密着性:良好(実施例1と同じテスト法による。)
防曇性:良好(同 上)
抗菌性:良好(同 上)
【0013】
比較例1および2
コロナ処理のみを施した膜厚25ミクロン、濡れ張力39dyne/cmのOPPフィルムに、それぞれ実施例1及び実施例2と同じキトサンの有機酸塩水・エタノール溶液を固形分換算0.5g/mの塗布量で適用し、キトサン有機酸塩コートフィルムを得た。得られたコートフィルムのコート層とOPPフィルムの密着性を実施例1と同様セロハンテープ試験したところ、いずれも密着性が悪く、セロハンテープの粘着剤によりキトサンコート層が剥ぎ取られた。
【0014】
実施例3
厚さ15ミクロンの二軸延伸ポリエステルフィルム(以下、PETフィルムと略称する。)のコロナ処理面に塩化ビニリデン系アンカコート材をコート(固形分換算0.1g/m)し、濡れ張力43dyne/cmのフィルムを得た。
このフィルム上に、3%キトサンリンゴ酸塩水溶液をエタノールで希釈して粘度を400cpsに調整した液を、固形分換算0.5g/mの量で塗布し、コートPETフィルムを得た。
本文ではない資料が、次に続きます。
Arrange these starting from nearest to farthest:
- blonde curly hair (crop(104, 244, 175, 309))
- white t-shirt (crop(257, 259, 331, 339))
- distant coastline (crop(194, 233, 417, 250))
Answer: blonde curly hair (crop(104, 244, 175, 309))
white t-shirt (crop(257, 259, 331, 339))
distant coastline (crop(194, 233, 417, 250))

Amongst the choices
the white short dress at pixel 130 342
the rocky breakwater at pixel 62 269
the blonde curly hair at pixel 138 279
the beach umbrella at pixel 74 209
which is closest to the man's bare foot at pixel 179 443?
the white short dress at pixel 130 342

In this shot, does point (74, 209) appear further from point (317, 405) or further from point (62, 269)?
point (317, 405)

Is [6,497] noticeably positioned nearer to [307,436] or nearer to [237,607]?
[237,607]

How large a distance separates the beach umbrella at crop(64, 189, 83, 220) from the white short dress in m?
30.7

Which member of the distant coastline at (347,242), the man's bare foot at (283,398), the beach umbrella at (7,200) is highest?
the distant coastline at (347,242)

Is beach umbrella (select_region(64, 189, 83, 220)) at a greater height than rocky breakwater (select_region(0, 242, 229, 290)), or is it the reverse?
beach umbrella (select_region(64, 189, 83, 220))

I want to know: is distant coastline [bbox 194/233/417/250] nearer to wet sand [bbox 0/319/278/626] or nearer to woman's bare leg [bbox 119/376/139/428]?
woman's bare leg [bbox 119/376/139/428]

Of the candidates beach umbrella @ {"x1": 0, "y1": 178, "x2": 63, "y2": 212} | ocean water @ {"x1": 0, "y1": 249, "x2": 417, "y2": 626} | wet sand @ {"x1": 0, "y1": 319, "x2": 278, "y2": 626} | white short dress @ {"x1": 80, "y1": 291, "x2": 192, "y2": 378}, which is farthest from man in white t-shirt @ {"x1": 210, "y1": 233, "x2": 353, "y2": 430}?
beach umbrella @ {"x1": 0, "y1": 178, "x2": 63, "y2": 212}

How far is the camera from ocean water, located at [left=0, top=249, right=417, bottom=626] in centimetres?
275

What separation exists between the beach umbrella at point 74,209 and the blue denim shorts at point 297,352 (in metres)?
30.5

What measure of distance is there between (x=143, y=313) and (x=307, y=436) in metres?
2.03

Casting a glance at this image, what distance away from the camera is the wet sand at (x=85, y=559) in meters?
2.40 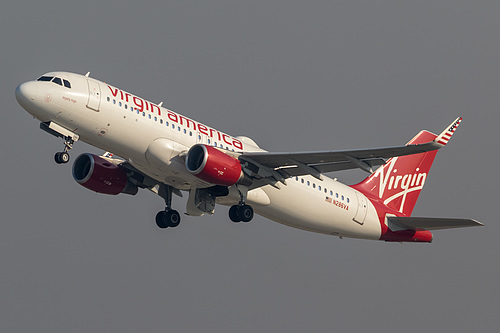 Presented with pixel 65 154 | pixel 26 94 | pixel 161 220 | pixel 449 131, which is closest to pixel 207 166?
pixel 65 154

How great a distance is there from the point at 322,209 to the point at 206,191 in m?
6.30

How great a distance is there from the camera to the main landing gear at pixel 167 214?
148 feet

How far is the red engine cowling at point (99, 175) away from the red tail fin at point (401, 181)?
44.7 feet

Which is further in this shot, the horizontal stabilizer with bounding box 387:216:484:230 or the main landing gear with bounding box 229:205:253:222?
the horizontal stabilizer with bounding box 387:216:484:230

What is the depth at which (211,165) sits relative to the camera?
38.4 metres

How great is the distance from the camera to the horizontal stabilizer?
4288 centimetres

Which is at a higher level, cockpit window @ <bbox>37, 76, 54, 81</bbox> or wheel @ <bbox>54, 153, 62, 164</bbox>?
cockpit window @ <bbox>37, 76, 54, 81</bbox>

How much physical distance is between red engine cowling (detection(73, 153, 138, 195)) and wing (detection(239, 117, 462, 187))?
23.3 ft

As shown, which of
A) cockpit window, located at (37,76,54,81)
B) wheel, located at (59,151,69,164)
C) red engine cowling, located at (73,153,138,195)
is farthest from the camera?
red engine cowling, located at (73,153,138,195)

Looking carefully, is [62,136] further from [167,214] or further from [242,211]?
[242,211]

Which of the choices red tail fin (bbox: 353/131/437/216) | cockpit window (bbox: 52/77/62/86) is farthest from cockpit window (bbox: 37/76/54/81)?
red tail fin (bbox: 353/131/437/216)

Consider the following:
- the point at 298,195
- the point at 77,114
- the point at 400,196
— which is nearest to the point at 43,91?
the point at 77,114

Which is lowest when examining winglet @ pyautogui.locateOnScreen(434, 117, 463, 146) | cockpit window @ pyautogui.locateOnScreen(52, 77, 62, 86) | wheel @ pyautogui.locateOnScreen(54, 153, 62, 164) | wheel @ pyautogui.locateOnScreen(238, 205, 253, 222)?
wheel @ pyautogui.locateOnScreen(54, 153, 62, 164)

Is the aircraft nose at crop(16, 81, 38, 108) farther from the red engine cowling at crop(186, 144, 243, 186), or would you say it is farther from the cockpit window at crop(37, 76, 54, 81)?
the red engine cowling at crop(186, 144, 243, 186) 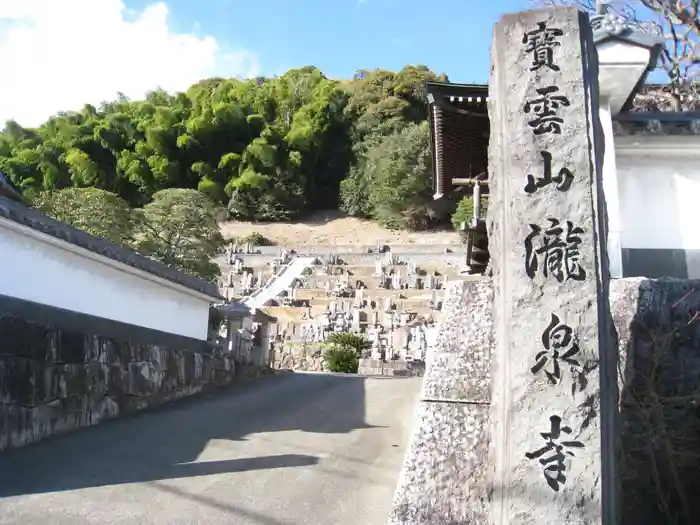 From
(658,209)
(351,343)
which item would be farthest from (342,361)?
(658,209)

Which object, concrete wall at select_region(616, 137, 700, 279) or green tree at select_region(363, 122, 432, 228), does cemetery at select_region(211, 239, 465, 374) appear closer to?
green tree at select_region(363, 122, 432, 228)

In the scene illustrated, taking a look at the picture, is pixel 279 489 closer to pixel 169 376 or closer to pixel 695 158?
pixel 169 376

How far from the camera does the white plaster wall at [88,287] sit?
20.1 ft

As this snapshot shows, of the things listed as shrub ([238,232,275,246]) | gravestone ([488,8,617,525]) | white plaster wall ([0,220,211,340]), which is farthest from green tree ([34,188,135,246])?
shrub ([238,232,275,246])

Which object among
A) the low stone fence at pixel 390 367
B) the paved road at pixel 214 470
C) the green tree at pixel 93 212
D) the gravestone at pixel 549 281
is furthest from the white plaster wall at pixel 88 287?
the green tree at pixel 93 212

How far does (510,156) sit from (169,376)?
6.27m

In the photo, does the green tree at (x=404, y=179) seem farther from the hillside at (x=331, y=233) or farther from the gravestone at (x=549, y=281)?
the gravestone at (x=549, y=281)

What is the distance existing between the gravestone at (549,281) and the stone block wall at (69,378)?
13.6 ft

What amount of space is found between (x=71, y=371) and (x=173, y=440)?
3.96 ft

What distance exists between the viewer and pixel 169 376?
26.7ft

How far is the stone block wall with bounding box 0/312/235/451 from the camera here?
5.13 metres

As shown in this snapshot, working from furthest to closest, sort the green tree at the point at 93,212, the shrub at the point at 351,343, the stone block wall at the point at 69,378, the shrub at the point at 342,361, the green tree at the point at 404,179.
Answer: the green tree at the point at 404,179
the shrub at the point at 351,343
the green tree at the point at 93,212
the shrub at the point at 342,361
the stone block wall at the point at 69,378

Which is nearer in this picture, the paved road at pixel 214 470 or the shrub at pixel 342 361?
the paved road at pixel 214 470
密着性、防曇性、抗菌性のテストを実施例1と同じように行い、いずれも良好の結果を得た。
比較例3
コロナ処理のみを施し、濡れ張力が58dyne/cmである以外は実施例3と同じフィルムに、実施例3と同じキトサン有機酸塩溶液を塗布しようとしたが、均一なコート層が得られなかった。
【0015】
実施例4
厚さ15ミクロンの二軸延伸ポリエチレンフィルムのコロナ処理面にポリブタジエン系アンカコート材を0.2g/mコートし、得られた濡れ張力39dyne/cmのフィルムに実施例1と同じキトサン有機酸塩の溶液、固形分換算0.5g/mで塗布した。得られたコートフィルムは、密着性、防曇性、抗菌性とも良好であった。
実施例5
厚さ25ミクロンの二軸延伸ポリスチレンフィルムのコロナ処理面に塩化ビニリデン系アンカコート材を固形分換算0.1g/mの塗布量でコートし、得られた濡れ張力41dyne/cmのフィルム上に、実施例2と同じキトサン有機酸塩の溶液を固形分換算0.5g/mで塗布してコートフィルムを得た。密着性、防曇性、抗菌性とも良好であった。
比較例4
アンカコートを施さない以外は実施例5と同様の操作で濡れ張力が45dyne/cmのフィルムを得、これに実施例2と同じキトサン有機酸塩溶液をコートしてコートフィルムを製造した。このコートフィルムについてテストを試みたが、均一な塗膜が得られず、セロハンテープ試験でも密着性は不良であった。
【0016】
【発明の効果】
本発明の方法によれば、キトサン有機酸塩溶液を被コートフィルム表面に連続した薄膜として層状に塗布することができ、さらにその乾燥によって得られるキトサン有機酸塩コーティング層のフィルムへの密着性は極めて高く、フィルムの折り曲げ、表面摩擦などによってもコーティング層が剥落することはない。また、本発明により得られる多層フィルムは、抗菌性および防曇性に優れるので、食品包装分野、農園芸分野、衣料分野、医療分野、文具雑貨分野において抗菌性や防曇性が要求される各種用途に利用することができる。

Claims (6)

  1. キトサン有機酸塩の含水親水性有機溶媒溶液を、アンカコートを施すかまたは表面偏析改質剤を配合した表面の濡れ張力が33〜55dyne/cmのフィルムに塗布、乾燥して、キトサン有機酸塩の層を形成させることを特徴とする抗菌・防曇性多層フィルムの製造法。
  2. 有機酸が可食性有機酸である請求項1記載の多層フィルムの製造法。
  3. 親水性有機溶媒が炭素数1〜4のアルコールである請求項1記載の多層フィルムの製造法。
  4. アンカコートを施すかまたは表面偏析改質剤を配合するとともに、化学処理、コロナ処理、火炎処理、プラズマ処理または放射線処理により表面処理したフィルムを用いる請求項1記載の多層フィルムの製造法。
  5. コロナ処理及びアンカコートを施したフィルムを用いる請求項4記載の多層フィルムの製造法。
  6. 請求項1記載の製造法により製造された多層フィルム。